UAS are currently considered a good complement to manned aircraft in missions where UAS strengths are maximised and their weakness are mitigated or resolved. Additionally, although the use of UAS has grown exponentially during last few years, it is believed an even greater use of UAS will continue in the future. Unmanned vehicles are currently under development that are faster and better protected than current models. They will have better and more sophisticated sensors with robust communications systems that will improve connectivity between the operator, the UAV and the customer. This will drastically improve operator situation awareness and flexibility. In other words, it is absolutely imperative to remove or reduce the figurative distance between the operator and the vehicle to the maximum extent possible.

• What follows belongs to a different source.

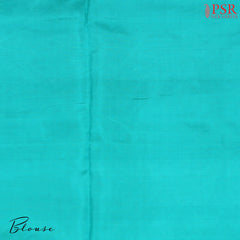 Royal Blue Soft Silk Saree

Another issue to be considered is the existing debate regarding the moral and ethical implications of ‘killing at a distance’. Many opinions and questions have been put forth related to the responsibilities of these types of operations, to include the issues of collateral damage produced by unmanned machine and the limited risk to the operators. If decision makers and planners see them as a way to eliminate the risk of military forces, does it make a military option seems more attractive? To whom does the responsibility fall when operating UAS in an autonomous mode? Is it a way to save lives on both sides of a conflict? Is it ethically acceptable to prosecute a war in which only the opposing forces are killed?
It is certain that UAS will be increasingly included in future military operations as they continue to evolve. Since military planners will rely increasingly on the capabilities this technology provides, will they fall into the traps mentioned above? Will they be victims of the illusion of new technologies? Could these technologies go from being ‘the key to success’ to a factor in future defeat?